03Field ReportExperimentation · 20M+ events

Growth & Retention

An end-to-end data pipeline and machine learning system that processes 20M+ e-commerce events to validate A/B tests and predict cart abandonment in real-time.

Overview

E-Commerce Growth & Retention is an end-to-end, production-grade analytics and machine-learning project that answers a concrete business question: does a redesigned checkout flow actually move revenue, and can we predict which shoppers are about to abandon their cart? I built the entire system solo, from raw clickstream ingestion to a live, interactive web app — deliberately spanning data engineering, analytics engineering, statistical inference, machine learning, and MLOps so the project reads as one continuous data pipeline rather than a single notebook.

Architecturally, data flows through a classic medallion pipeline: over 20 million raw cosmetics-shop events (~4.6 GB across five months) are ingested with a simulated A/B experiment, landed in Google Cloud Storage and BigQuery, transformed and tested with dbt, statistically validated with a Chi-Square test, modeled with an XGBoost classifier explained via SHAP, and finally served through a FastAPI inference service behind a multi-tab Streamlit front end — all containerized with Docker and monitored for data drift with Evidently AI.

Problem and Goal

Cart abandonment is the single largest source of leaked revenue in e-commerce: shoppers add items, reach the checkout, and disappear. Two questions follow directly from that. First, the causal question — if we ship a new checkout experience, does it genuinely lift conversion, or are we fooling ourselves with noise? Second, the predictive question — given a live session, can we estimate the probability that this user will abandon their cart in time to intervene?

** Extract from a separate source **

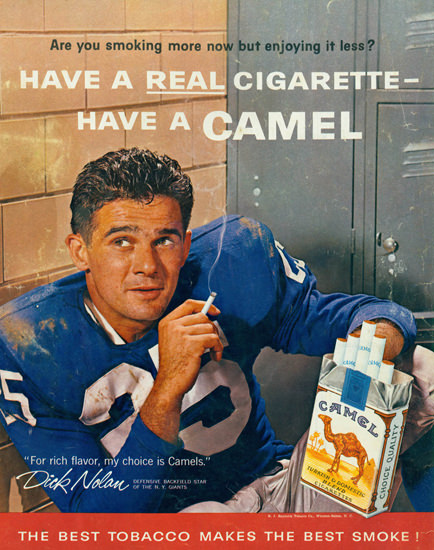 Camel Dick Nolan New York Giants NFL 1961 | Sex Appeal Vintage Ads and Covers 1891-1970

I set out to answer both rigorously. The causal question is handled with a properly randomized A/B test and a significance test rather than eyeballed dashboards; the predictive question is handled with an interpretable gradient-boosted model whose every prediction can be explained feature-by-feature. The goal was never just a model file — it was a defensible, deployable system that a product or growth team could actually act on.

The Dataset & Experiment Simulation

The foundation is the Kaggle "eCommerce Events History in a Cosmetics Shop" dataset — real, anonymized clickstream logs covering October 2019 through February 2020. Each row is a single user action (view, cart, purchase, remove_from_cart) with a product, brand, price, user ID, and session ID. Across five monthly files this is roughly 20 million events totaling ~4.6 GB — large enough that naive in-memory processing fails, forcing real data-engineering decisions.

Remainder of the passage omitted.